So if you could comment on that and any thoughts on the CEO leaving the new paint company because it's very early. So any thoughts you are picking up, any thoughts you can share on this?
See, I would like to comment on happenings within a recent competitor and people leaving and joining and what they are doing. We have said consistently during the last two years that the entry of a large new player has not impacted us in any significant way.
Maybe there are some other paint players who have been impacted a little more, but I don't think it has shaken up things very much. Now, this new incumbent, as you are all aware, has resorted right from its launch at unprecedented levels of trade discounts, etc. Thankfully, no one in the industry has chosen to follow that course, which is why everyone's EBITDA margins and profit margins have remained within the original band that they were, and people have not attempted to emulate these horrific levels of discount.
The gross margin expansion that has happened has happened for two or three reasons. One is that raw material prices have been softening slowly but steadily during the last one year. This softening of raw material prices, which has not been accompanied by any price drop by the industry, has naturally led to a slightly higher trade discount by all players. Despite the slightly higher trade discount, which has been prompted more by a raw material price drop, the gross margins you would have expected to remain kind of stable for all players.
For us, we have been focusing a lot on improving our premium-end products, and that has borne fruit, and those are clearly visible in our value and volume growth numbers across categories. When the premium-end products grow more than the overall basket, naturally, your gross margins go up because the premium products do carry a slightly higher profit margin than the economy range. That is the main reason for the gross margin going up by 100 basis points compared to Q2 of last year.

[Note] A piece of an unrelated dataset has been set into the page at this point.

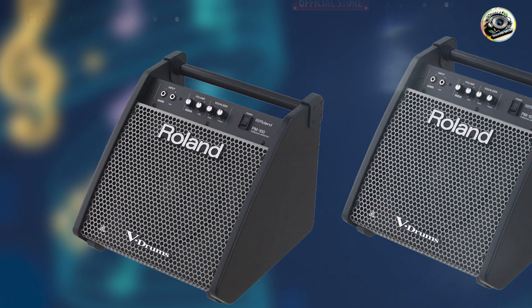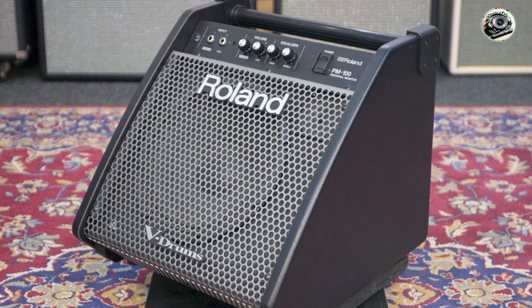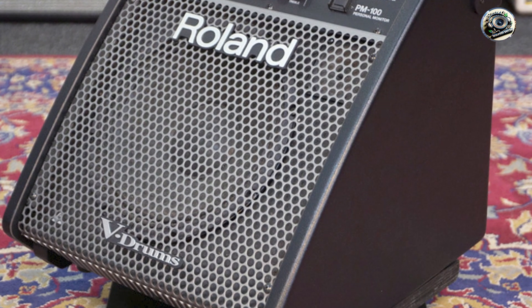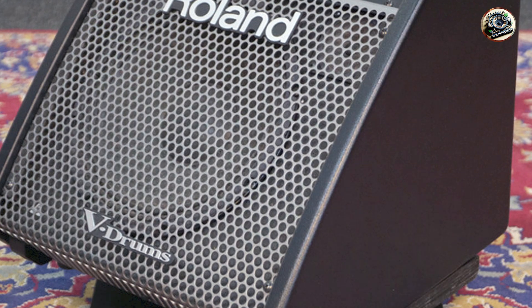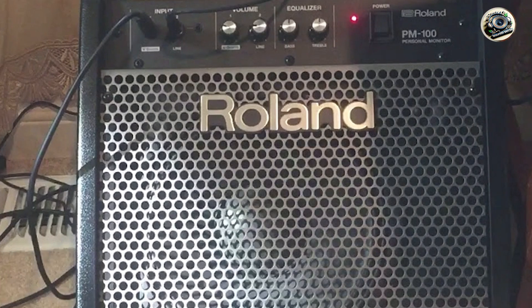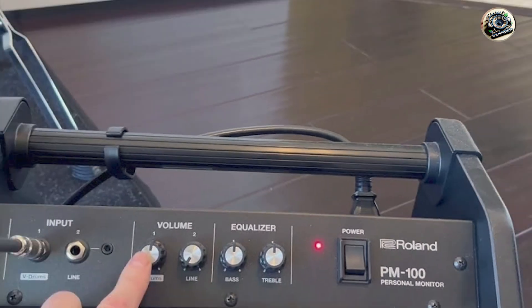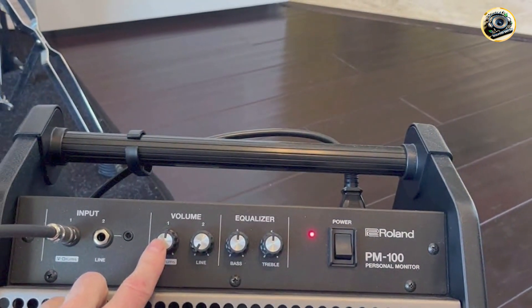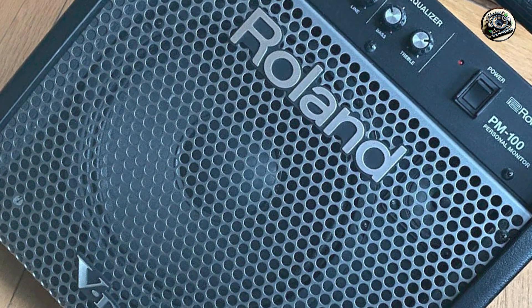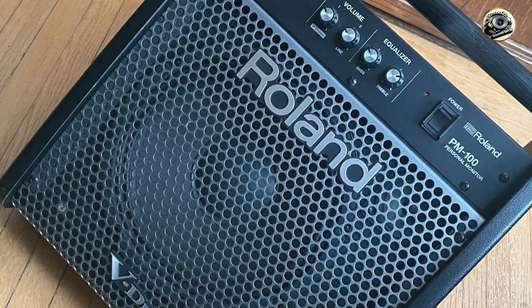Crafted from high-quality materials and engineered for durability, the PM-100 is built to withstand regular use and transportation. Its robust enclosure and protective grille protect the speakers from impacts and environmental factors, while the amplifier's efficient cooling system ensures optimal performance and reliability during extended play sessions. Roland's commitment to quality assurance and innovative audio solutions ensures that the PM-100 delivers consistent and professional-grade sound reinforcement for electronic drum kits, making it a trusted choice among drummers worldwide.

Sure. My second question is on specific Bihar market. It's an important state for you. So currently, we are seeing a very high election canvassing, which also picks up on the entire state GDP given so much of travel, so much of consumption happens. Obviously, there is an INR 10,000 freebie being given to almost every family or woman. So from all this, do you expect Bihar to be a much faster growth than overall recovery, which you are envisioning? Would you expect all this to really flow in Bihar in a more pronounced manner?
Not really. I mean, the good thing is that for the first time in the last 30, 40 years, Bihar elections are thankfully being conducted in only two phases. Now, in the past, elections in Bihar used to be in five or six phases, and that would stretch for typically more than a month.
And that would spell disaster for the entire trade because transportation and logistics in Bihar become very difficult in election time, unlike in the rest of the country. All vehicles, whether it is a one-ton vehicle or a ten-ton vehicle, they get impounded by the election machinery for election duty, and there is no way in which you can ship goods.
Now, half of Bihar has already gone to poll yesterday. So including Patna, where our main depot is located, so all those vehicles will now get released from today and will be back in service. As far as the freebies given out by the government is concerned, I believe that they are more to the women community to encourage self-employment and business generation rather than any handout which goes for discretionary spends.
So I'm not expecting anything as a result of election, either positive or negative as far as Bihar is concerned. Having said that, during the last seven, eight months, Bihar has been one of our strongest performing states in the country, where the growth has been definitely in high double digits. So Bihar has been one of the standout states for us in India amidst a relatively weak demand scenario during the last six quarters. And I think we expect that to continue going forward and further strengthen.
Sure. So one quick follow-up on the competition from the new player. In terms of the 10% extra grammage, anything which is changing on the ground versus, say, two quarters back and now?
I don't follow them very much because, as I said, they don't impact us very much, so we don't follow them very closely. What I have heard is that for most products, this extra grammage that they were giving originally in 4-liter, 10-liter, and 20-liter cans, I believe that they have discontinued it in the 4-liter and 10-liter cans. And there are rumors in the trade that this extra grammage, even in the 20-liter cans, may get discontinued before the end of the fiscal.
But please don't quote me as an authoritative source on it. I think the management of that company would be best positioned to answer this question. As I said, we have not been very materially affected by them, so minor changes in policy by that company are really not tracked at a microscopic level by us.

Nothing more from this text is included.